> Task description
Please return the records below exactly as they appear, leaving every picture out.

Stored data
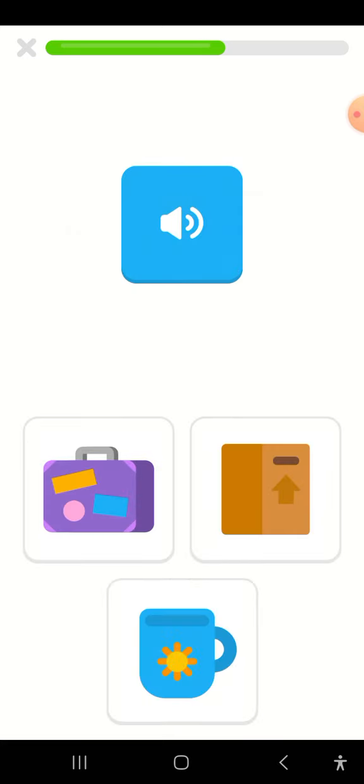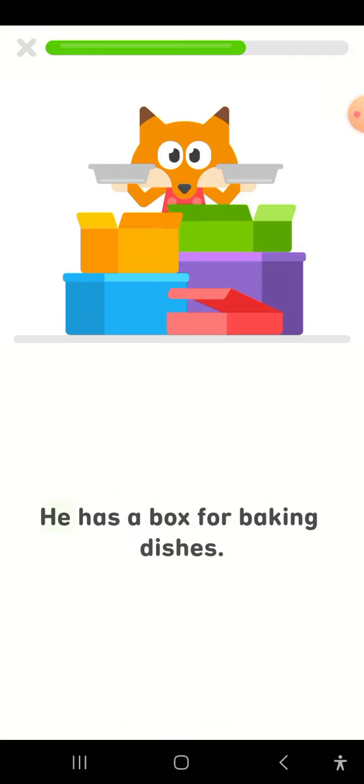Where do you think Sox would keep his dishes? He has a box for baking dishes.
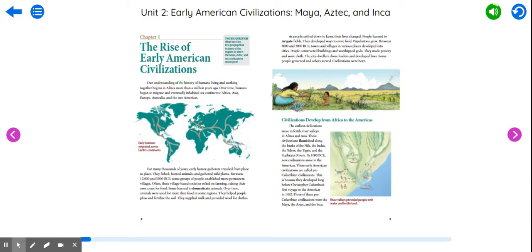Our understanding of the history of humans living and working together begins in Africa more than a million years ago. Over time, humans began to migrate and eventually inhabited six continents—Africa, Asia, Europe, Australia, and the two Americas.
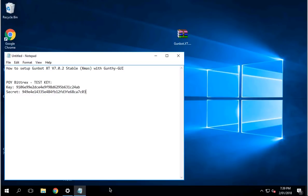Hi guys, my name is PoiTV. Today I'm going to be teaching you guys how to set up GunBot XT version 7.0.2, a stable version or the XMOS version with the Gunthy GUI.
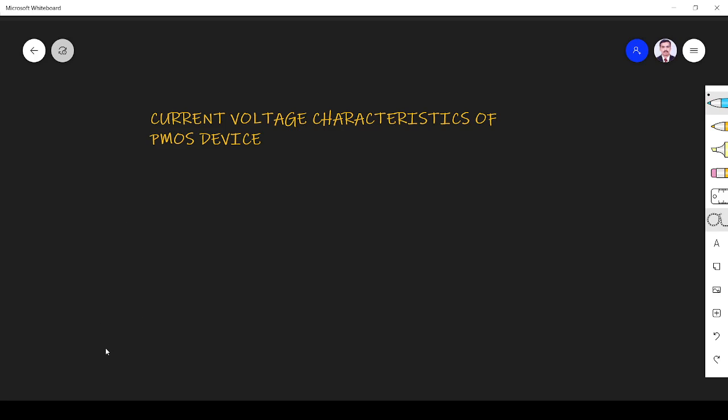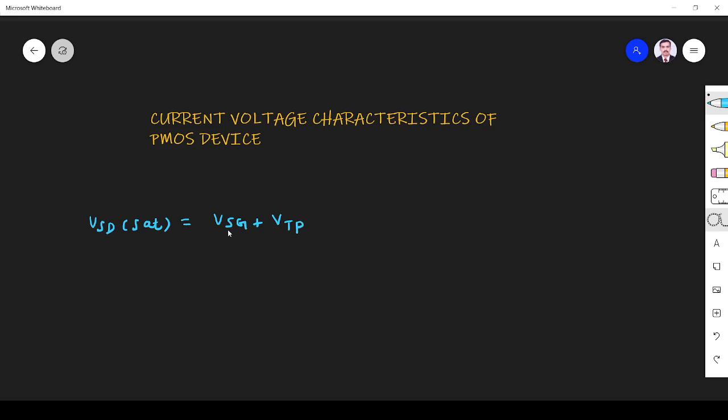So here in PMOS device the saturation voltage VESD_SAT, whereas in NMOS we have VD_SAT. Here we have VESD_SAT. VESD_SAT is given by VSG + VTP. P indicates for PMOS. VT is threshold voltage. VSD is voltage between the source and the gate. So this is the one important equation that we are going to use.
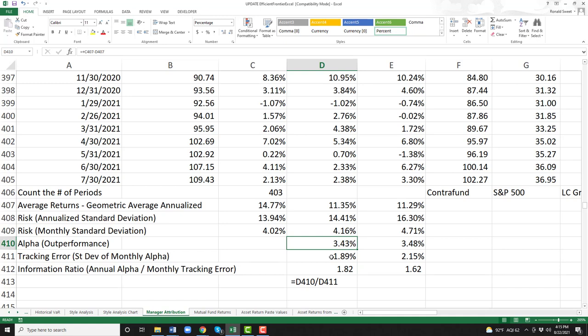If you have a fund that's all in one sector — say they're just buying tech stocks — they're going to have a high alpha because tech stocks have done really well the last several decades, but their tracking error is going to be huge. What that means is: you have good outperformance, but if you have another year 2000 dot-com selloff, you're going to lose all of that alpha really fast. So what we're looking for is managers with high information ratios — the higher the information ratio, the better.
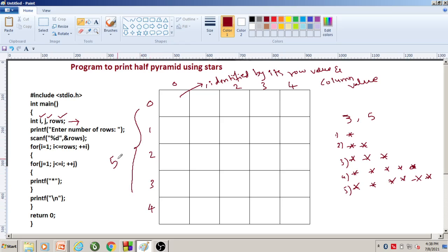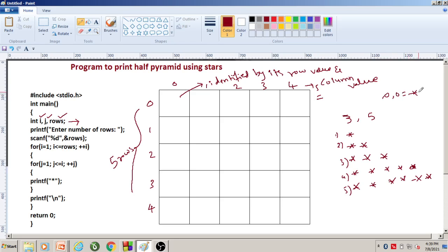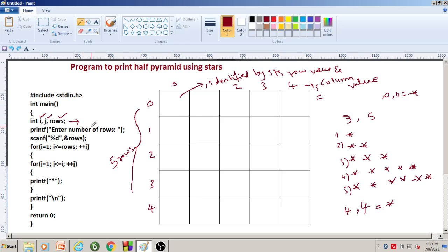Total we are having five rows and five columns. Suppose if I want to put a star in a particular cell — all these are called a cell — I have to identify that cell using its row value and column value. So if I write 0,0 equal to star, then a star will be placed here. Similarly, if I want to put a star at the fourth row, fourth column, then a star will be placed there.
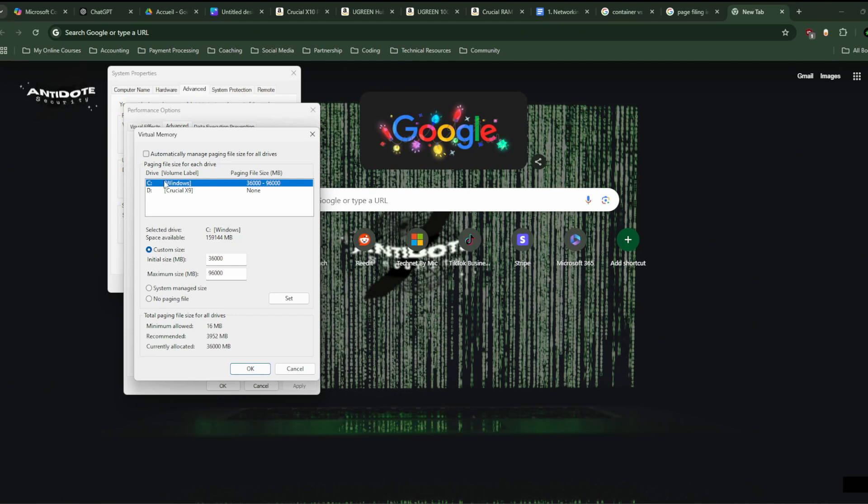Uncheck this box and choose custom size. You can write 36,000 as it's in megabytes, not gigabytes. If it would have been gigabytes, we would have written 36, and here 72.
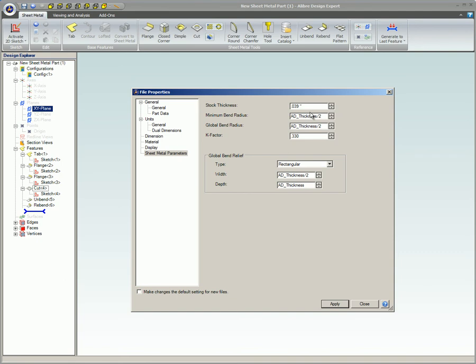Global bend radius is the default bend radius used unless specifically stated otherwise when creating a flange. The default is half of the stock thickness.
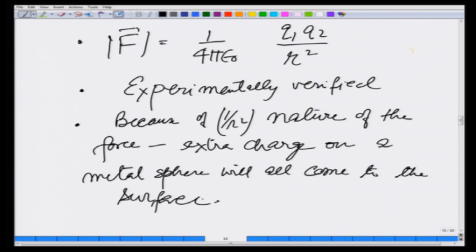The Coulomb force follows the principle of superposition — that is, the force due to several charges is given as the sum of force due to individual charges.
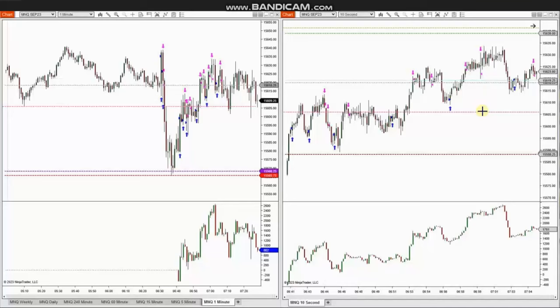Hello everyone. I'd like to share with you a few trades that were posted on Wednesday, July 26th, 2023. These trades were shared by RA, who's trading Nasdaq futures.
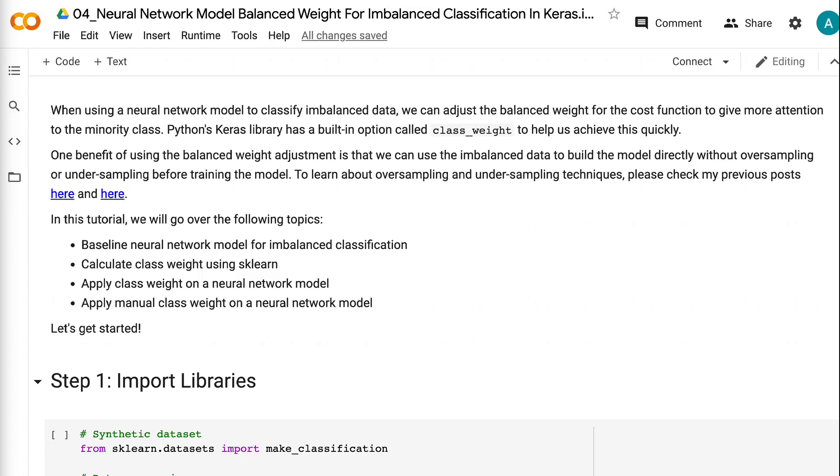Welcome to Grab and Go Info. Today I will talk about how to apply class weight on neural network model for imbalanced dataset.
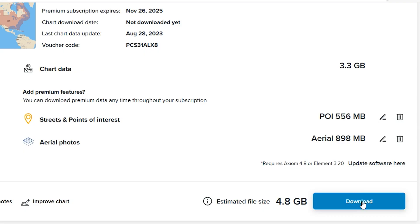When you're happy with your selections and ready to proceed, click the blue Download button on the bottom right corner of your screen.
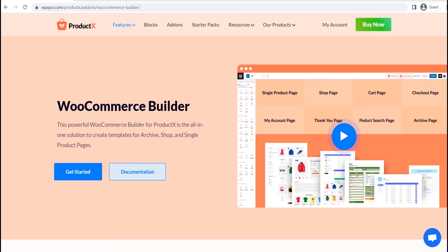Hi there, welcome to WP Expo. Today, I will show you how we can create a custom thank you page template for WooCommerce. And it will replace the default thank you page of your online store.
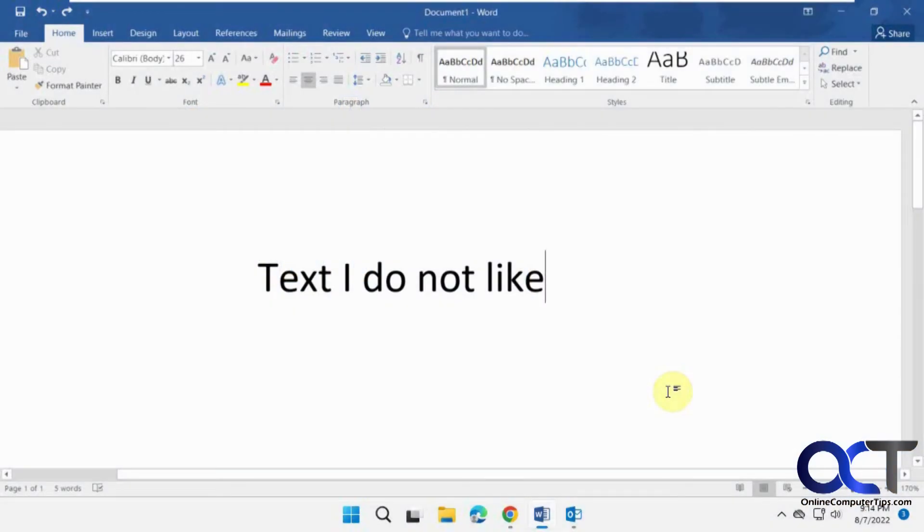Hi. In this video we're going to show you how to add the strikethrough text formatting option to Microsoft Outlook emails.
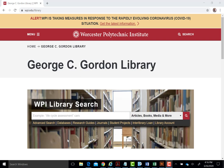To access all of these databases, begin at the library's homepage, wpi.edu/library. Click on the databases link located underneath the library search box.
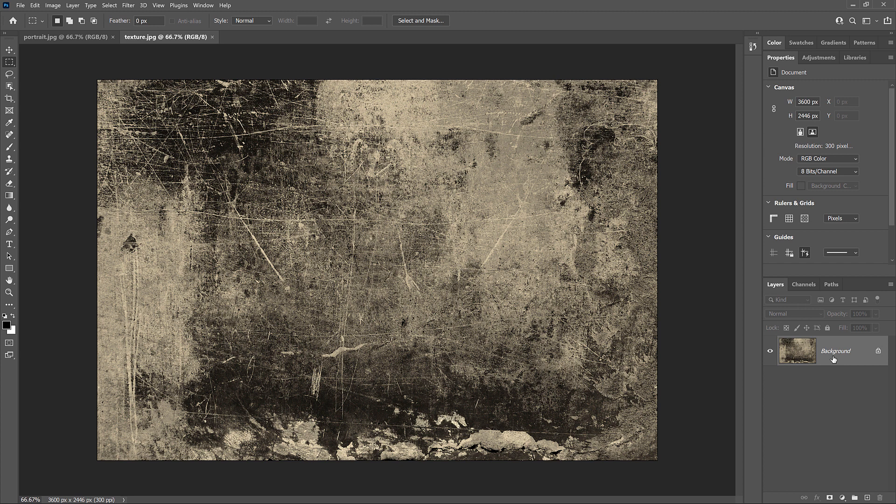But what if we want to blend or combine the two images together? In that case, having them in separate documents doesn't work. We need a way to open both images into the same document. And that is where the Place Embedded command comes in.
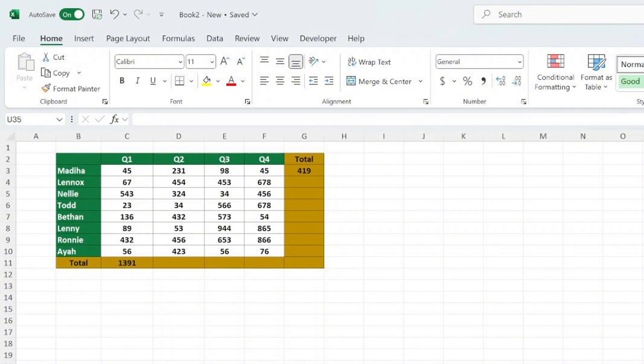Dragging formulas down is a quick and easy way to apply a formula to multiple rows without manually copying and pasting.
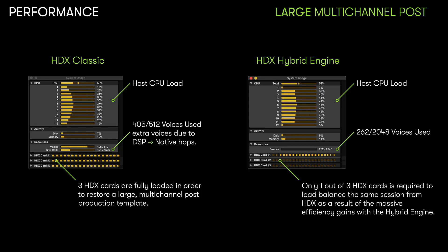And for those users that work with extremely large and complex sessions, such as in POST or Atmos mixing, the HDX Hybrid Engine allows you to use these DSP resources for load balancing sessions.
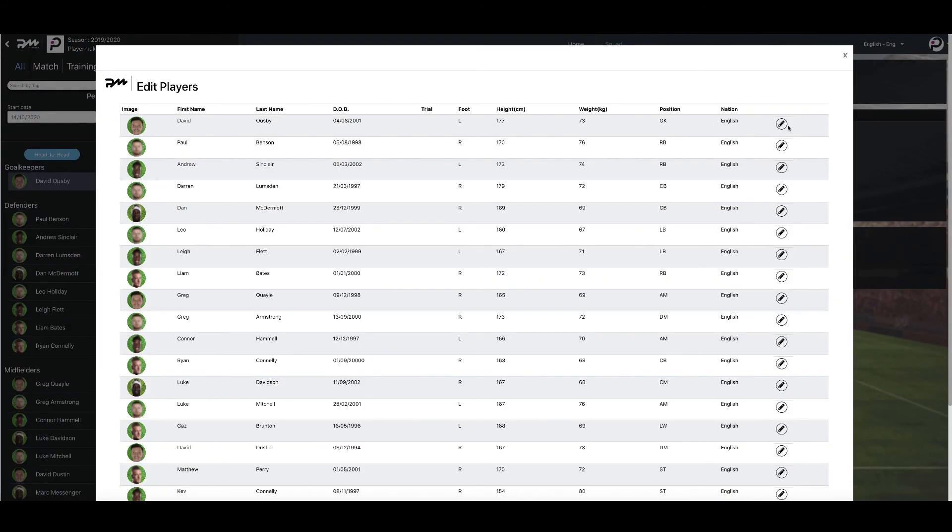This process is to be carried out for each individual player at a time. Now you know how to edit a player's profile.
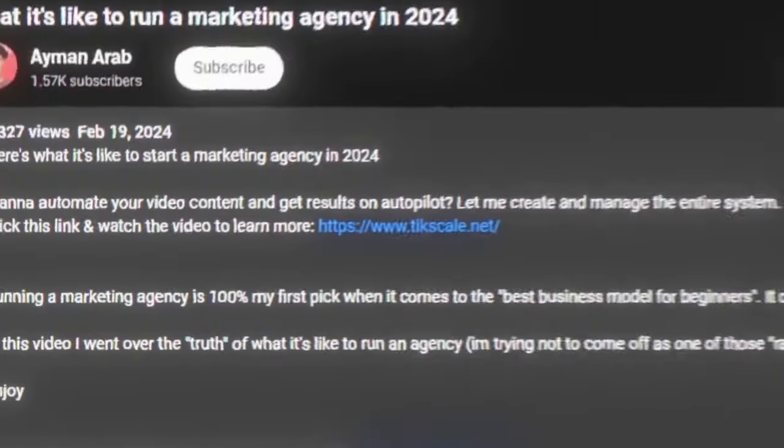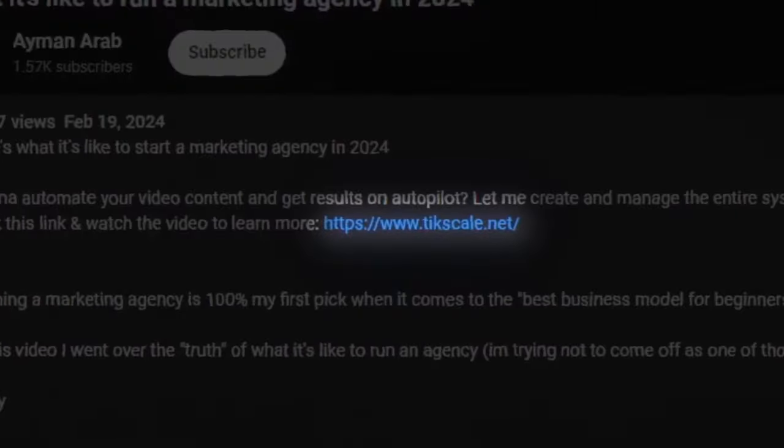In the first link in the description, you want to put your link — whether it's a calendar link, an opt-in page, or a normal website landing page, and so on.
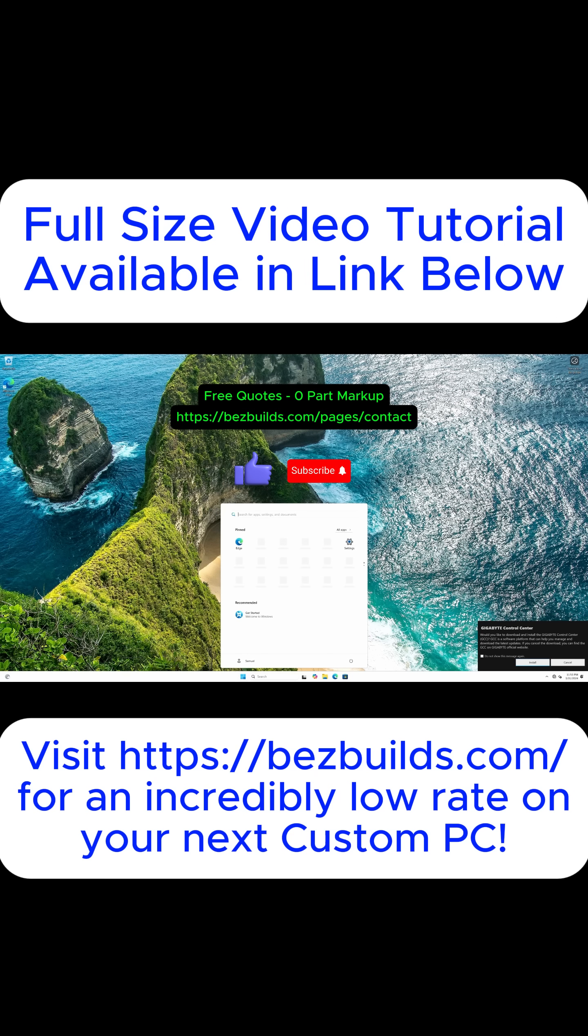Don't forget to like and subscribe for more tech tips and build videos. And if you're interested in your own custom PC at a great price, head over to BeEasyBuilds.com and contact us today.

> Answer for this exercise
Where do you think Sox would keep his dishes? He has a box for baking dishes.
Our understanding of the history of humans living and working together begins in Africa more than a million years ago. Over time, humans began to migrate and eventually inhabited six continents—Africa, Asia, Europe, Australia, and the two Americas.
Hi guys, my name is PoiTV. Today I'm going to be teaching you guys how to set up GunBot XT version 7.0.2, a stable version or the XMOS version with the Gunthy GUI.
So here in PMOS device the saturation voltage VESD_SAT, whereas in NMOS we have VD_SAT. Here we have VESD_SAT. VESD_SAT is given by VSG + VTP. P indicates for PMOS. VT is threshold voltage. VSD is voltage between the source and the gate. So this is the one important equation that we are going to use.
If you have a fund that's all in one sector — say they're just buying tech stocks — they're going to have a high alpha because tech stocks have done really well the last several decades, but their tracking error is going to be huge. What that means is: you have good outperformance, but if you have another year 2000 dot-com selloff, you're going to lose all of that alpha really fast. So what we're looking for is managers with high information ratios — the higher the information ratio, the better.
Total we are having five rows and five columns. Suppose if I want to put a star in a particular cell — all these are called a cell — I have to identify that cell using its row value and column value. So if I write 0,0 equal to star, then a star will be placed here. Similarly, if I want to put a star at the fourth row, fourth column, then a star will be placed there.
Uncheck this box and choose custom size. You can write 36,000 as it's in megabytes, not gigabytes. If it would have been gigabytes, we would have written 36, and here 72.
Global bend radius is the default bend radius used unless specifically stated otherwise when creating a flange. The default is half of the stock thickness.
The Coulomb force follows the principle of superposition — that is, the force due to several charges is given as the sum of force due to individual charges.
Hello everyone. I'd like to share with you a few trades that were posted on Wednesday, July 26th, 2023. These trades were shared by RA, who's trading Nasdaq futures.
Welcome to Grab and Go Info. Today I will talk about how to apply class weight on neural network model for imbalanced dataset.
When you're happy with your selections and ready to proceed, click the blue Download button on the bottom right corner of your screen.
Hi there, welcome to WP Expo. Today, I will show you how we can create a custom thank you page template for WooCommerce. And it will replace the default thank you page of your online store.
Hi. In this video we're going to show you how to add the strikethrough text formatting option to Microsoft Outlook emails.
To access all of these databases, begin at the library's homepage, wpi.edu/library. Click on the databases link located underneath the library search box.
But what if we want to blend or combine the two images together? In that case, having them in separate documents doesn't work. We need a way to open both images into the same document. And that is where the Place Embedded command comes in.
Dragging formulas down is a quick and easy way to apply a formula to multiple rows without manually copying and pasting.
And for those users that work with extremely large and complex sessions, such as in POST or Atmos mixing, the HDX Hybrid Engine allows you to use these DSP resources for load balancing sessions.
This process is to be carried out for each individual player at a time. Now you know how to edit a player's profile.
In the first link in the description, you want to put your link — whether it's a calendar link, an opt-in page, or a normal website landing page, and so on.
Don't forget to like and subscribe for more tech tips and build videos. And if you're interested in your own custom PC at a great price, head over to BeEasyBuilds.com and contact us today.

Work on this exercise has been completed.